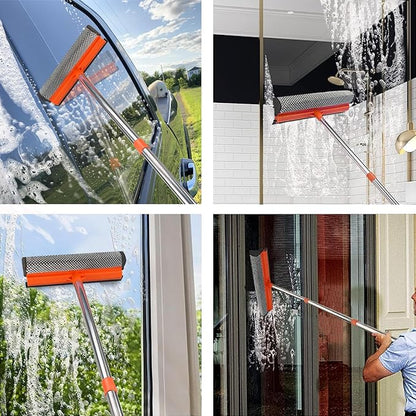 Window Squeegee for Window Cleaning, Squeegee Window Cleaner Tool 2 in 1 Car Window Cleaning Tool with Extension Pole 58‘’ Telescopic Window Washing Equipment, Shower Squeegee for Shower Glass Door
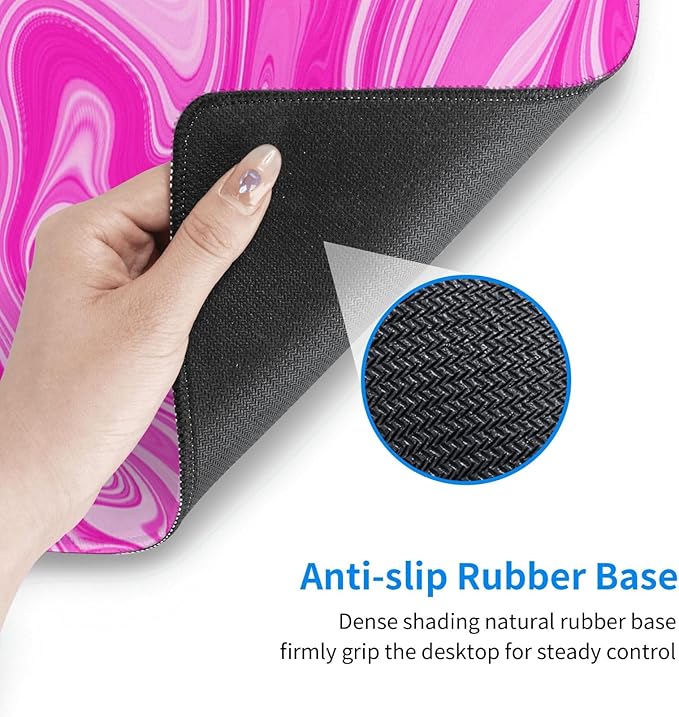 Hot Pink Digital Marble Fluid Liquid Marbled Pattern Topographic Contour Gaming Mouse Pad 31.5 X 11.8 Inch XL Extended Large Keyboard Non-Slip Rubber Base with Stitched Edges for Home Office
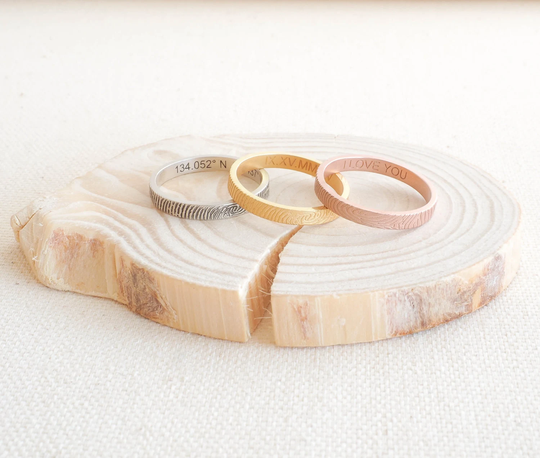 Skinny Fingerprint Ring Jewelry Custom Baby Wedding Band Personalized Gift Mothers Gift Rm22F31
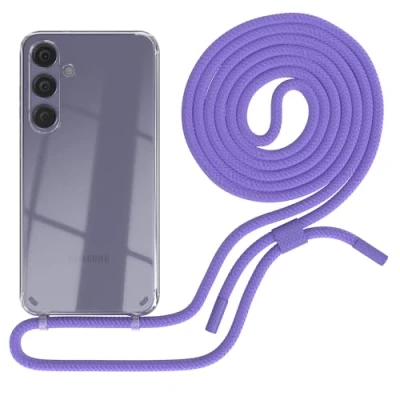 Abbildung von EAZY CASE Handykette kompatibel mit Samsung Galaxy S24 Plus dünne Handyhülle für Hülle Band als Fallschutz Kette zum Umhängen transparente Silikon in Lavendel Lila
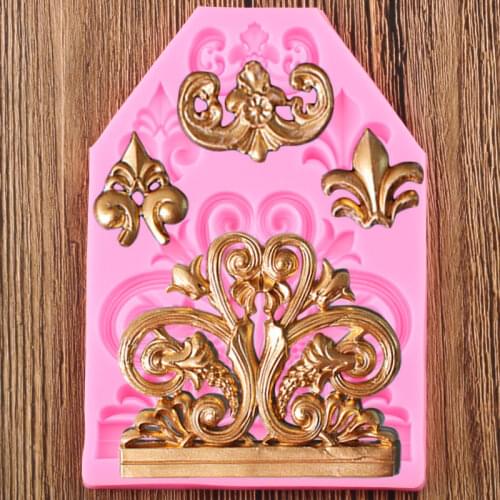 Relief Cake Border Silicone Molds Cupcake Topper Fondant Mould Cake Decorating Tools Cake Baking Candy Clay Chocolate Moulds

****************************************

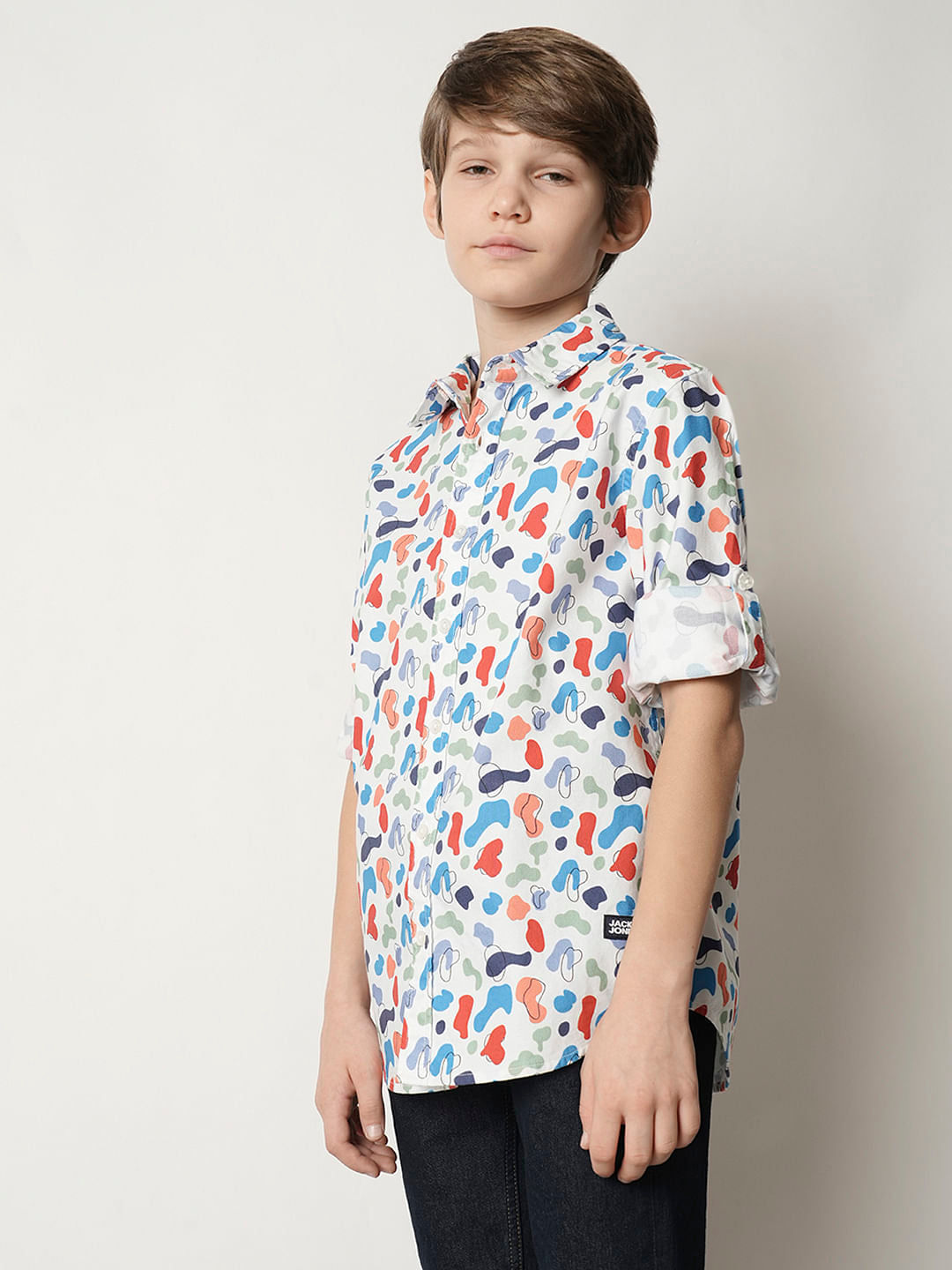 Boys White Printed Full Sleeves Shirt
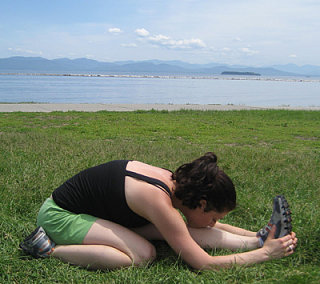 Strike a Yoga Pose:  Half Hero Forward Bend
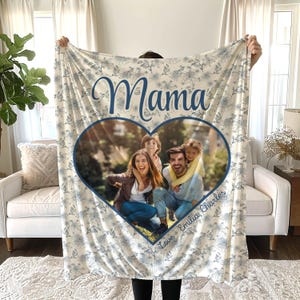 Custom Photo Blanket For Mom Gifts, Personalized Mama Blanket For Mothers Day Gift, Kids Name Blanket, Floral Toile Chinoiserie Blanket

****************************************

__What is being asked__
Go to the line above that has "Skinny Fingerprint Ring" and copy exactly from there down to the line that has "Relief Cake Border", both included. Leave the pictures out.

__Solution to the problem__
 Skinny Fingerprint Ring Jewelry Custom Baby Wedding Band Personalized Gift Mothers Gift Rm22F31
 Abbildung von EAZY CASE Handykette kompatibel mit Samsung Galaxy S24 Plus dünne Handyhülle für Hülle Band als Fallschutz Kette zum Umhängen transparente Silikon in Lavendel Lila
 Relief Cake Border Silicone Molds Cupcake Topper Fondant Mould Cake Decorating Tools Cake Baking Candy Clay Chocolate Moulds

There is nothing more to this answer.